_What the exercise asks_
From the first line to the last, return the data exactly, with no pictures.

_Information provided_

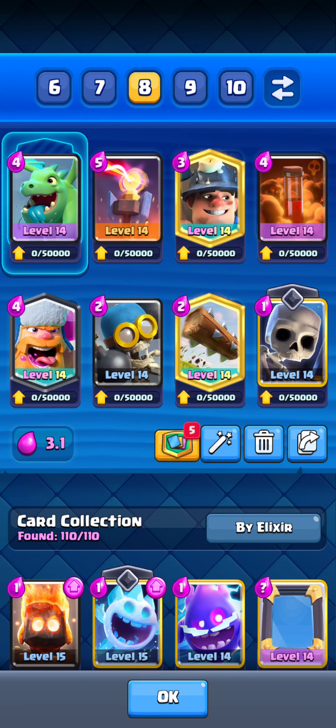Yo, what's going on everyone. In today's video we're going to be using this neat little mind control deck I created. I just thought, why not make something unique? Let's just get into it.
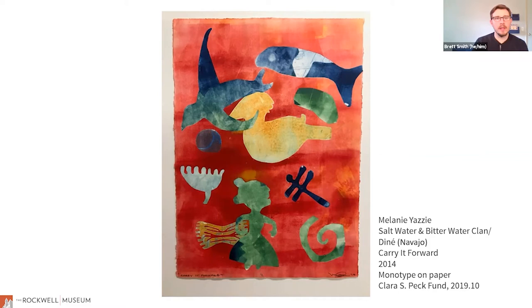There was a question about the size of the work. The frame dimensions were shared in the chat box, and the link to the e-museum website will also be posted so viewers can find more details there.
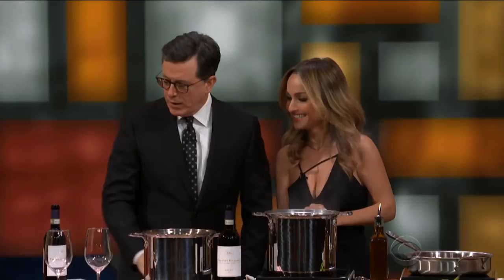Hey, everybody, welcome back. Ladies and gentlemen, my next guest is an Italian-born chef and Food Network star. Please welcome Giada De Laurentiis. Thank you for being here. Lovely to see you. Thank you for having me.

_Expected output_
Yo, what's going on everyone. In today's video we're going to be using this neat little mind control deck I created. I just thought, why not make something unique? Let's just get into it.
There was a question about the size of the work. The frame dimensions were shared in the chat box, and the link to the e-museum website will also be posted so viewers can find more details there.
Hey, everybody, welcome back. Ladies and gentlemen, my next guest is an Italian-born chef and Food Network star. Please welcome Giada De Laurentiis. Thank you for being here. Lovely to see you. Thank you for having me.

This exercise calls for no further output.